The bailout deal fails to win a single vote in parliament.
By Cornelis van Zweeden for Southeast European Times -- 20/03/13
Cypriots demonstrate against an EU bailout deal outside the parliament in Nicosia on Tuesday (March 19th). [AFP]
The parliament's rejection of a 10 billion-euro bailout because it included a controversial levy on bank deposits sends Cyprus President Nicos Anastasiades back into negotiations with the EU.
Even as Anastasiades warned of the catastrophic consequences of rejecting the deal, including a "complete collapse of the banking sector" and a possible exit from the eurozone, not one member of parliament supported the proposal when it came up for vote on Tuesday (March 19th). Thirty-six members opposed the plan and 19 others abstained.
The European Central Bank declined to comment other than saying it was monitoring the situation.
The government agreed to the bailout on Saturday, sparking immediate protests and a run on banks by angry citizens who had been promised their deposits were fully guaranteed.
Cyprus sought a bailout of 15.8 billion euros, but EU finance ministers were only prepared to lend 10 billion euros. Germany insisted that the remainder be paid through a 6.75 percent tax on small deposits and a 9.9 percent tax on large accounts.
But even after the government shifted the proposed tax burden to owners of deposits of more than 100,000 euros, the plan remained unacceptable to parliament.
Zsollt Darvas at the Bruegel Institute, a Brussels-based think tank, said that the EU was right to insist on taxing depositors as part of a bailout-package. "Taxpayers should not foot the bill for private-sector losses," he told SETimes.
Darvas doubted there would have been serious fallout if Cyprus had accepted the tax on deposits. "Institutional investors would have understood that Cyprus is a unique case."
The demand for a haircut was driven largely by fatigue from five years of propping up faltering economies, including Spain, Italy, Portugal and Greece.
The next step for Cyprus remains unclear, as its economy would not survive if the European Central Bank cuts its lifeline to banks. The bank finances troubled banks in the eurozone at very low rates.
"If Cyprus leaves the eurozone there will be a big explosion in the eurozone," John Nomikos, who heads the Research Institute for European and American Studies in Athens, told SETimes.
Nomikos predicted a collapse of confidence for other Europeans. "People fear what might have happened in Cyprus could happen in any state," he said.
Other analysts played down the risk of contagion. "Cyprus will be considered a very special case and the confidence of deposit holders in other eurozone countries will not be affected," Ariën Bikker, spokesperson of ABN-AMRO, a Dutch bank, told SETimes.
None of the European institutions could be reached for comment.

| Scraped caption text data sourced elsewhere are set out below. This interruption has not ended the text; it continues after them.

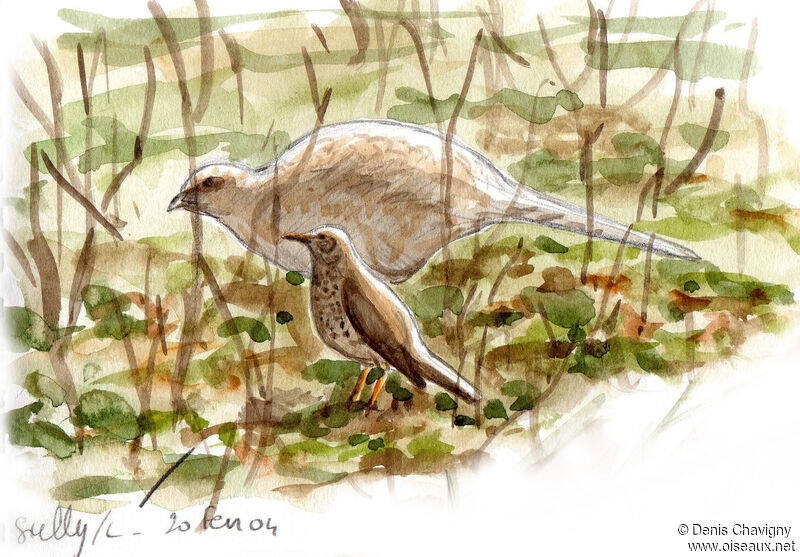 Common Pheasant female, identification
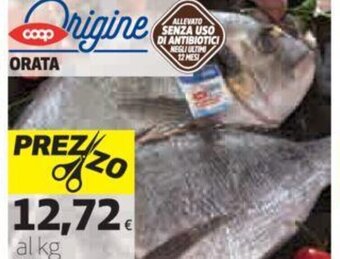 Coop Origine Coop Orata offerta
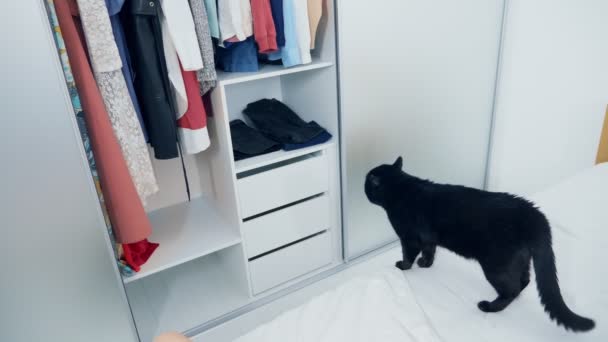 Gato preto curioso olha em um guarda-roupa aberto branco — Vídeo de Stock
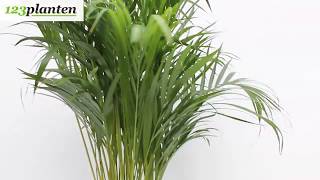 Areca Palm [upl. by Airtal]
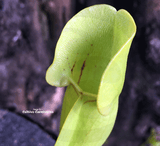 PURPLE PITCHER PLANT:  Sarracenia Purpurea ssp. purpurea loc Moss Lake, Ontario for sale | Buy carnivorous plants and seeds online @ South Africa's leading online plant nursery, Cultivo Carnivores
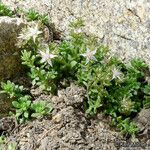 Sedum niveum Habitus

But Stavros Karkaletsis at the Hellenic Centre for European and International Analyses doubted the EU would act precipitously.

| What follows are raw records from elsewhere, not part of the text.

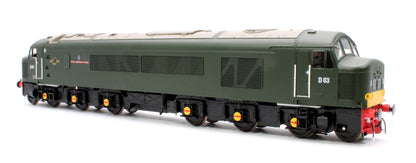 Pre-Owned 45102 Class 45/0 'Royal Inniskilling Fusilier' D63 BR Economy Green (small yellow panel) Diesel Locomotive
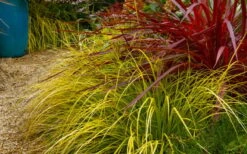 Evercolor Everillo Carex - 8 Pack Of 1 Gallon Pots -SHRUBS and BUSHES Shop carex everillo 23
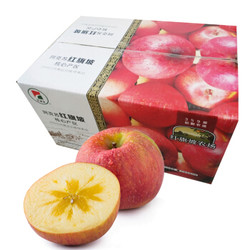 红旗坡 新疆阿克苏苹果 果径90mm以上 约5kg *5件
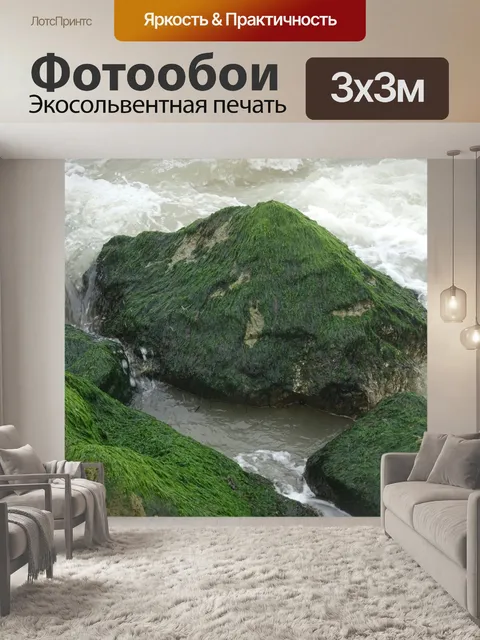 Фотообои Ocean Rocks зелеными водорослями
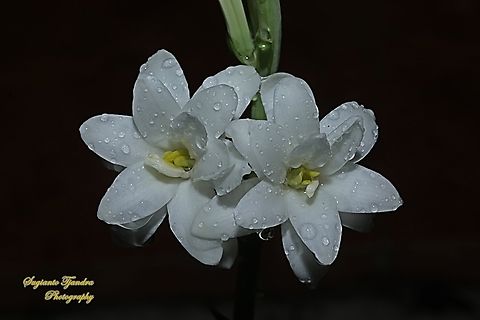 Bunga Sedap Malam, Tuberose, Polianthes tuberosa  Agave amica,Fall,Geotagged,Indonesia,tuberose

"Nobody believes the Germans are going to push Cyprus out of the eurozone," Karkaletsis told SETimes. "But the Germans will be very angry."
Media reports indicate that Finance Minister Michael Sarris is already in Russia negotiating with Moscow's government. Russia holds a large percentage of uninsured deposits in Cyprus and may be motivated to help bail out the economy. If the European Central Bank cuts the lifeline and Cyprus defaults, Russian depositors stand to lose roughly 14 billion euros, according to an analysis by Moody's, the US-based credit rating agency.

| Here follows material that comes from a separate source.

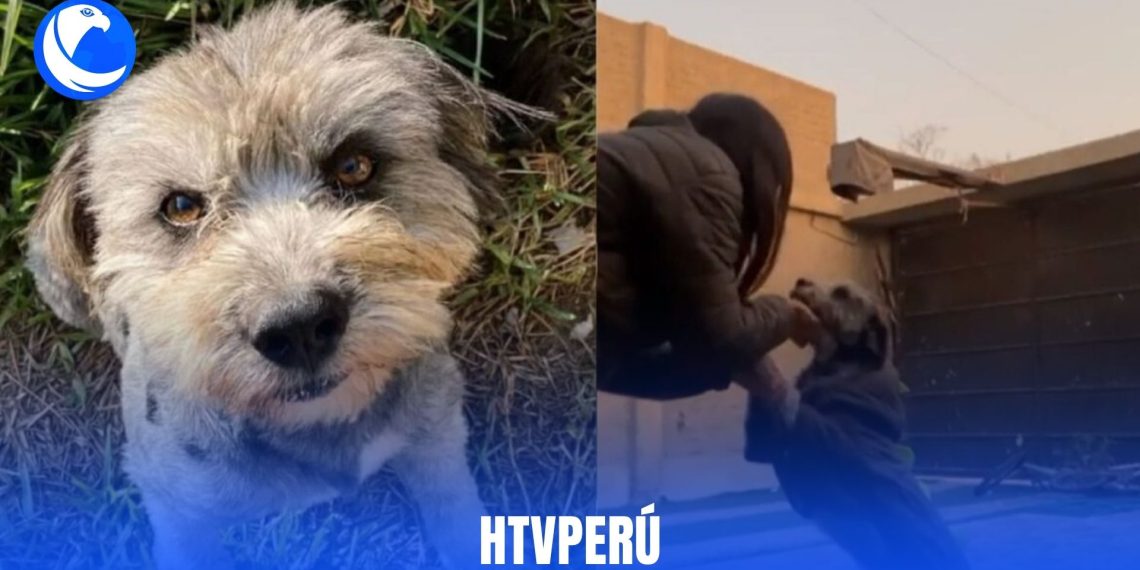 Policía acusado de matar perro en Piura por orinar su puerta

Some expressed concern that negotiating with Moscow could give Russia and its president, Vladimir Putin, more influence in Cypriot affairs.
"He can say 'I give you the 6 billion euros you need, but you have to give me access to your gas fields'," Karkaletsis said. "Putin can also buy one of the two big banks."
Correspondent Andy Dabilis in Athens contributed to this report.